__Given data__
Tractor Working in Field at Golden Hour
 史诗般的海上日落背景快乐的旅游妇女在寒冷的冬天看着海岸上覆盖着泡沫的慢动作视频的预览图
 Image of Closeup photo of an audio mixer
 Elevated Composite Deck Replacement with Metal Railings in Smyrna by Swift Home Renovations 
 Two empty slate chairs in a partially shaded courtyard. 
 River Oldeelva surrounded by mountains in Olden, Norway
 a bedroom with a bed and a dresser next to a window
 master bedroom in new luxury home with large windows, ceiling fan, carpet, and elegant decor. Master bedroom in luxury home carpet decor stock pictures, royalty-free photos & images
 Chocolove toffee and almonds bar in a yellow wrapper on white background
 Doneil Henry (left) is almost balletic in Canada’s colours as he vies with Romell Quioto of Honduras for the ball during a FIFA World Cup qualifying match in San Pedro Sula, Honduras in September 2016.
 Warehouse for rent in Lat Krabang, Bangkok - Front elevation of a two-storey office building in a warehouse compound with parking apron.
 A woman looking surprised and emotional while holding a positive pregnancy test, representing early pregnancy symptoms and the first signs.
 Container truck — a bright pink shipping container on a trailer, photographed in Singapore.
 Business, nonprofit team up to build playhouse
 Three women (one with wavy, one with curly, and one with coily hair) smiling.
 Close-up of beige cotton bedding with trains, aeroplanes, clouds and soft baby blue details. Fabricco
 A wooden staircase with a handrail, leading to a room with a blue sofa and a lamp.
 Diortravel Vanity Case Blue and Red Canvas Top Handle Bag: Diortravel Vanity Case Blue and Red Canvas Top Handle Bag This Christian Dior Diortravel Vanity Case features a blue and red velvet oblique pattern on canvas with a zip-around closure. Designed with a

__About this exercise__
From the line containing "Three women (one" down to the line containing "A wooden staircase" in the material above, reproduce every line exactly, including the two end lines.

__Result__
 Three women (one with wavy, one with curly, and one with coily hair) smiling.
 Close-up of beige cotton bedding with trains, aeroplanes, clouds and soft baby blue details. Fabricco
 A wooden staircase with a handrail, leading to a room with a blue sofa and a lamp.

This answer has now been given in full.